Laat ik den lezer uitleggen waarom dat, jammer genoeg, zoo is.
Als
Macaulay, in een zijner Essay's het leven van
lord Clive beschrijvende, zal gaan mededeelen hoe het
mogelijk is geweest dat de held van Arcot en Plassey voor een kommittee uit het
parlement werd getrokken als een schapendief, doet hij het relaas dezer
gebeurtenis voorafgaan door de beschrijving eener volksmeening, de waan van den
dag, zooals
Thorbecke het later noemde. Hij schetst den Nabob:
‘De groote gebeurtenissen die in Indië
hadden plaats gevonden, hadden een nieuwe klasse van Engelschen doen ontstaan,
waaraan hunne landgenooten den naam gaven van Nabobs. Deze personen
onderscheidden in den regel zich niet door hooge afkomst, noch was hunne
familie rijk; zij waren meestal jong naar de Oost gezonden en zij hadden daar
groote fortuinen verzameld, die zij bij hunne terugkomst in 't moederland mede
brachten. Het was natuurlijk dat, dewijl zij niet veel gelegenheid hadden gehad
zich in de beste kringen te bewegen, zij nu eens de onhandigheid, een andere
maal de praal van den parvenu zouden ten toon spreiden. Het was natuurlijk dat
gedurende hun verblijf in Azië zij liefhebberijen en gewoonten hadden
gekregen die personen, welke nooit Europa hadden verlaten, moesten in verbazing
brengen, zoo niet tegenstaan. Het was natuurlijk dat zij, die met
onderscheiding waren bejegend geworden in de Oost, niet genegen waren in
vergetelheid terug te zinken in het moederland en, daar zij geld bezaten, maar
niet op geboorte of invloedrijke betrekkingen konden wijzen, was het natuurlijk
dat zij een weinig opdringerig het eenig voordeel ten toon spreidden dat zij
hadden. Waar zij zich vestigden was er een soort van veete tusschen hen en den
ouden adel, hoog en laag, gelijk die in Frankrijk heerschte tusschen den
fermier-général en den markies.... | |
| |
De Nabobs werden spoedig een hoogst impopulaire klasse van menschen.

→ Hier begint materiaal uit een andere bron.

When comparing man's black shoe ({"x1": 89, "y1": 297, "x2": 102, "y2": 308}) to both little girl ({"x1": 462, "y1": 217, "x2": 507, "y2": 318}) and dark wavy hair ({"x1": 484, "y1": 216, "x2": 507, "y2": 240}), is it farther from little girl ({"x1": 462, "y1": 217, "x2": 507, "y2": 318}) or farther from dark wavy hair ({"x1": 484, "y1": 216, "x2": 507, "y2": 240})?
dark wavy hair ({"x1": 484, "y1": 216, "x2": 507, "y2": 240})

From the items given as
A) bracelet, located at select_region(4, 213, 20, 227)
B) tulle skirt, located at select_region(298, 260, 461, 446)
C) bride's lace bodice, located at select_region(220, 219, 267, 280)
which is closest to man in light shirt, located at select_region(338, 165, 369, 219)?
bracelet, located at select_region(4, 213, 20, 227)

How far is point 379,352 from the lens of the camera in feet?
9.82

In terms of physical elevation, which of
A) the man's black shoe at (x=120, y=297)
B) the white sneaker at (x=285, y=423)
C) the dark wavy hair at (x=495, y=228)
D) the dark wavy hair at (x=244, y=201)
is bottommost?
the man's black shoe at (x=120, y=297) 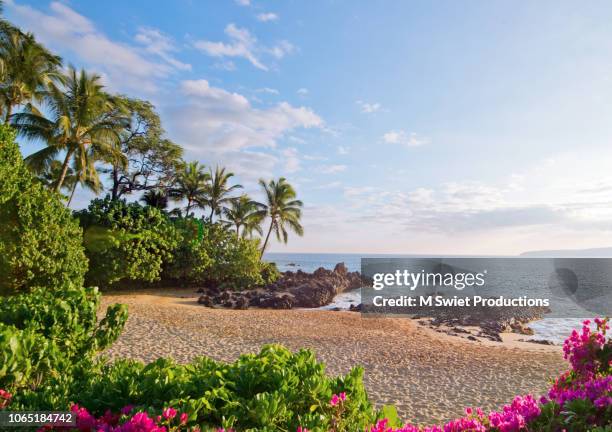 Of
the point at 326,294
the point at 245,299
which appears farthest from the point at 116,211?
the point at 326,294

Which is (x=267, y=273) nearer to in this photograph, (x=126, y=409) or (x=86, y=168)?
(x=86, y=168)

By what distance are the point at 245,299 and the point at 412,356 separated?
13.0 m

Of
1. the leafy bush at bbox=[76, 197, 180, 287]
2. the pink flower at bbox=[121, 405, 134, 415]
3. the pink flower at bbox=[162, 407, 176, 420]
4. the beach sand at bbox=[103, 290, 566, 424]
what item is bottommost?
the beach sand at bbox=[103, 290, 566, 424]

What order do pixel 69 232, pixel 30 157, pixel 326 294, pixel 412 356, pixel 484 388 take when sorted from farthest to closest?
pixel 326 294 → pixel 30 157 → pixel 69 232 → pixel 412 356 → pixel 484 388

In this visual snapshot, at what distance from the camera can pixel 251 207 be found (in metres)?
36.1

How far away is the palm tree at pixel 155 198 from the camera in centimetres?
3136

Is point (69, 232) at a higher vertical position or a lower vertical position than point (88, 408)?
higher

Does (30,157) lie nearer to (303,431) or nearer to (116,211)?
(116,211)

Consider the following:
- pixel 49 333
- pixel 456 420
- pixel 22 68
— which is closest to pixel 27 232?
pixel 49 333

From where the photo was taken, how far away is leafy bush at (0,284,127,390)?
15.0 feet

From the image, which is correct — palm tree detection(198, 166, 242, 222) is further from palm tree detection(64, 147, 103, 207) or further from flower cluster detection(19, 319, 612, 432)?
flower cluster detection(19, 319, 612, 432)

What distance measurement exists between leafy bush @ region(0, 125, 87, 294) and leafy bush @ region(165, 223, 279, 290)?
919 cm

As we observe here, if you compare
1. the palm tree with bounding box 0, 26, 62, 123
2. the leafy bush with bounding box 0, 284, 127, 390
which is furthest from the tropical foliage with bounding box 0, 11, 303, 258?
the leafy bush with bounding box 0, 284, 127, 390

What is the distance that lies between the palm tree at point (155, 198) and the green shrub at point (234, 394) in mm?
29296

Sommige hunner hadden in de Oost uitstekende talenten getoond en groote
diensten aan den staat bewezen, maar in het moederland konden hunne talenten
niet uitkomen en waren hunne diensten weinig bekend. Dat zij uit het niet waren
voortgekomen, dat zij groote rijkdommen hadden verzameld, dat zij deze
onbeschaamd ten toon spreidden, dat zij deze buitensporig verteerden, dat zij
de prijzen in hunne buurt deden stijgen, van versche eieren tot ‘rotten
boroughs’ toe, dat hunne liverij die van hertogen in het niet deed
zinken, dat hunne rijtuigen fraaier waren dan die van den Lord Mayor, dat het
voorbeeld van hunne groote en slecht bestuurde huishoudens haast de helft van
al de dienstboden in een heele streek bedierf, dat sommige hunner, met al hun
pracht, den goeden toon niet konden vatten, maar in weerwil van stoeterij en
menigte van bedienden, van tafelzilver en porcelein, van wildbraad en bourgogne
nog lage menschen bleven: dat waren de zaken die, zoowel in de klasse waar uit
zij waren voortgekomen, als in die waar zij zich zochten in te dringen, den
bitteren afkeer verwekten die het gevolg is van de gemengde gevoelens van nijd
en verachting.’
Van den Nabob, aldus door
Macaulay geteekend en waarvan de schets wellicht
Daudet indertijd inspireerde, heeft in Nederland de
flauwe afspiegeling bestaan in den resident, die veel kultuurpercenten had
gebeurd, in den residentie-sekretaris die veel kontrakten had gesloten en in
den suikerlord; maar hunne rijkdommen haalden niet bij die van Rosemeijer &
Co. Een winkeliertje in Amsterdam, met schootsvel en strooppot achter de
toonbank staande, bezat allicht meer.
Bovendien is dit ras aan het uitsterven. Slechts een enkele zetelt
nog zonder veel invloed in ons Heerenhuis, dat trouwens ook een Pincoffs opnam
en vereerde.
De engelsche litteratuur was omstreeks 1770 gedurende | |
| |
een periode van ongeveer dertig jaar gekleurd door de gevoelens van
haat tegen den Nabob. ‘Schrijvers die overigens niets met elkaar gemeen
hadden, methodisten en vrijgeesten philosophen en grappenmakers, trokken een
enkele keer één lijn.’ Onze letterkunde kan slechts op
één meneer Kegge wijzen en in vroegere jaren heeft alleen
Nicolaus de Graaff den indischman uit het tijdperk der
Compagnie tot mikpunt van zijn spot gemaakt.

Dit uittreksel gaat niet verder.